Supplementary material (scripts and documentation) for the paper Parallel Performance of Molecular Dynamics Trajectory Analysis, available as preprint arXiv:1907.00097 and published as
M. Khoshlessan, I. Paraskevakos, G. C. Fox, S. Jha, and O. Beckstein, Parallel performance of molecular dynamics trajectory analysis, Concurrency and Computation: Practice and Experience, vol. 32, p. e5789, 2020. doi: 10.1002/cpe.5789
For paper source files and data for figures see repository https://github.com/hpcanalytics/paper-hpc-py-parallel-mdanalysis. Each release of this repository is archived in the Zenodo repository under DOI 10.5281/zenodo.3351616.
- benchmark scripts
- notes on setting up the computational environment on the XSEDE resources discussed in the paper
- raw data, analysis and plotting code for the figures in the paper
All content is made available under the GNU General Public License v3 (code) or the CC-BY-SA 4.0 (text and documentation).

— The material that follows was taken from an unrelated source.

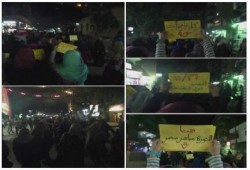 أجواء ثورية في مسيرة حلوان المناهضة للانقلاب مساء الثلاثاء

- Python 2.7 or higher or Python 3.1 or higher
- GCC 4.9.4
- OpenMPI 1.10.7
- MPI4py 3.0.0
- PHDF5 1.10.1
- H5py 2.7.1
- MDAnalysis 0.17.0 or higher
Different packages and libraries are used in the present study in order to achieve the desired performance. From the libraries used in the present study (given in Table 2 of the manuscript), MPI4py, H5py, MDAnalysis were the easiest to build. Users are able to get these packages installed through the Conda package manager Conda.
OpenMPI, and GCC, can be easily configured and installed. The configure script supports many different command line options, but the support for these libraries is very strong, they are widely used and the excellent documentation and discussion mailing lists provide users with great resources for consult, troubleshooting and tracking issues.
PHDF5 is harder to install especially because the libraries are built from source and variable configure options are required to support specific network interconnects and back-end run-time environments.
We performed our benchmark on several HPC resources and detailed instruction for installing all these packages on different resources are provided.
To have things running efficiently you may need a lot of additional setup depending on the resource. Take a look at Installation_Guide/h5py-phdf5.sh
for examples which explains how we have setup the computational evironment in our study.
We have provided all the steps required for building the packages and running sample test cases on all the XSEDE resources used in our study. For the cases which the instructions are given on one resource only, the steps have been the same on other resources as well.
All the scripts for running RMSD
benchamarks can be found at Scripts
directory.